Gen Z has made thrifting more popular among younger generations than ever before. What used to be considered an option for low income consumers only, is slowly being taken over by youth looking for more ethical alternatives to fast fashion. While thrifting does have many positive benefits, it's important to recognize the negative consequences of what may seem like a given sustainable effort .
So, why has thrifting become so popular in the first place? In recent years, the fashion industry has faced much criticism for unfair and unethical practices in creating merchandise and treating workers. Looking to slow the support of brands like Forever 21 and H&M, many people have begun searching for other fashion options that are still affordable and fashion forward. Additionally, younger generations tend to be more conscious about the threat of climate change. Purchasing from thrift stores is more sustainable as buyers are generally recycling clothing and reducing unnecessary waste in the process. For broke college kids, like me, thrift stores provide a broad range of styles and sizes that cost a small percentage of regular store prices. All in all, thrifting seems pretty ideal... but critics have begun to say otherwise.

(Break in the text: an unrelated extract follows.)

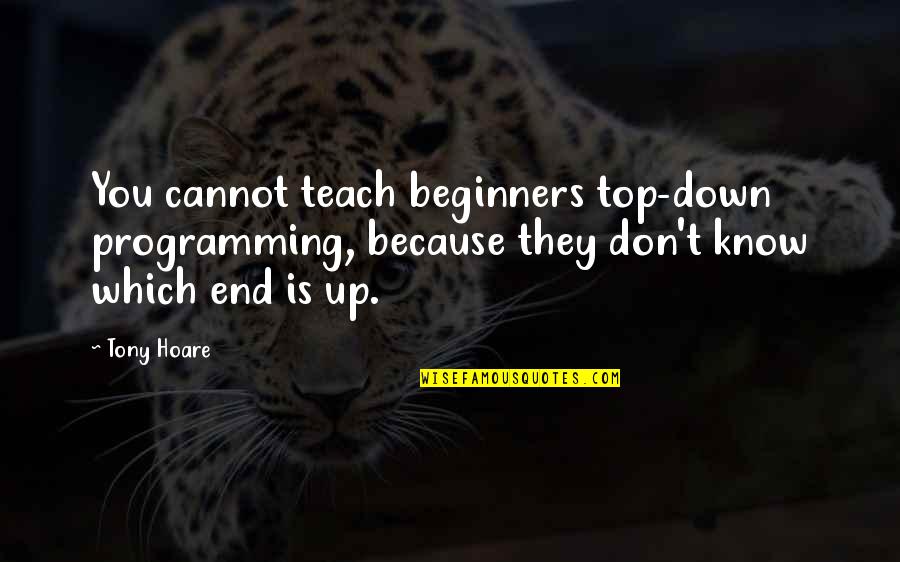 Hoare Quotes By Tony Hoare: You cannot teach beginners top-down programming, because they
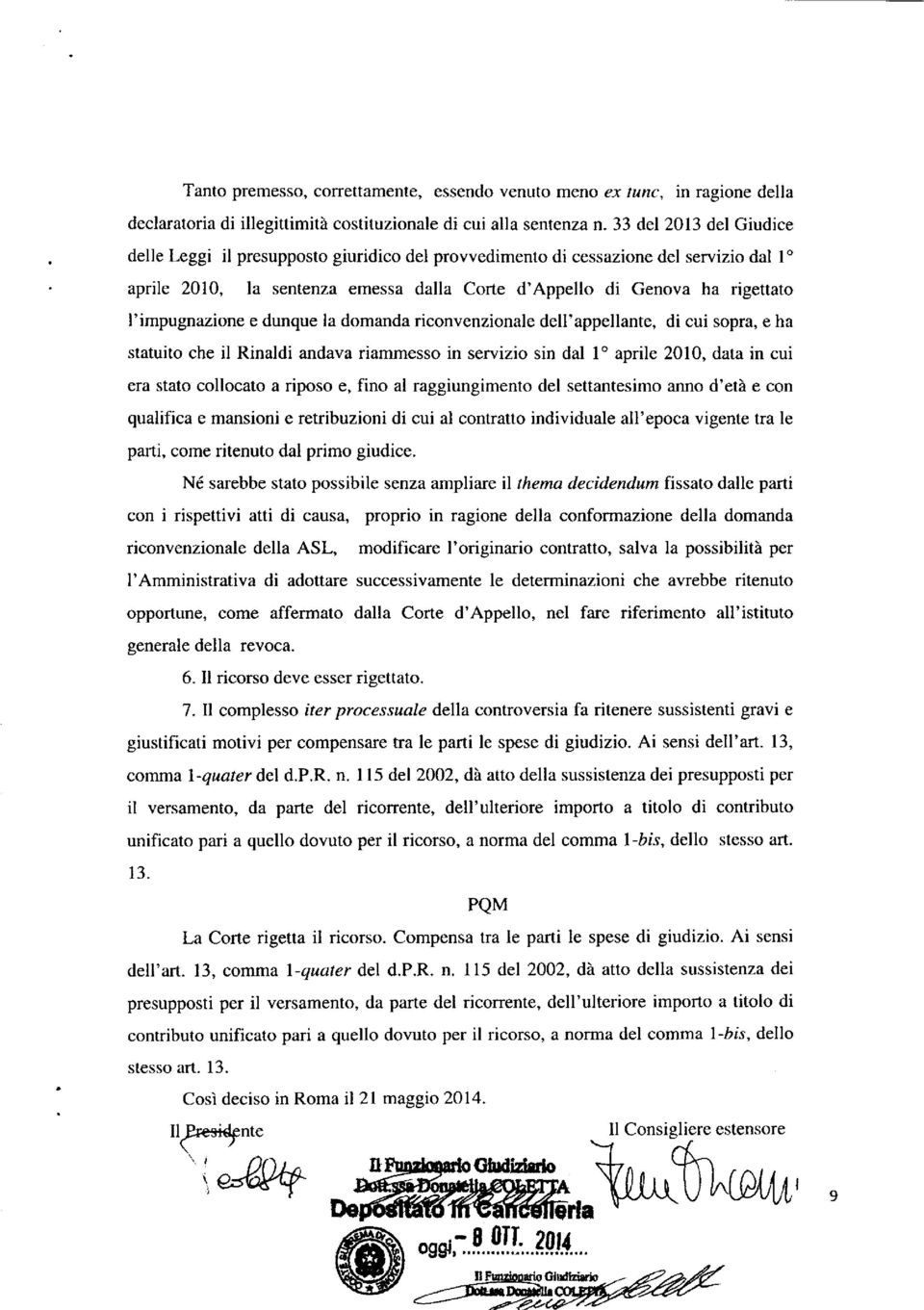 l'impugnazione e dunque la domanda riconvenzionale dell'appellante, di cui sopra, e ha statuito che il Rinaldi andava riammesso in servizio sin dal 1 aprile 2010, data in cui era stato collocato a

For one, if you're looking to thrift shop to support your community, you should be aware that not all thrift shops are "non-profit". Non-profit thrift stores that claim to donate their profits to charity, may not be as transparent about where the funds ACTUALLY go to. For example, in 2015, Value Village thrift stores were sued for "misleading people about how much of their donations actually go to charities and concealing its role as a for-profit company," The Seattle Times reported. Some also argue that people who can afford shopping at retail stores are technically "stealing" from underprivileged individuals and families who have no other option but to thrift. There's also the moral question of whether or not reselling thrifted finds online at higher prices is exploitative or not.
Does thrifting do more harm than good? At the end of the day, that's up for you to decide.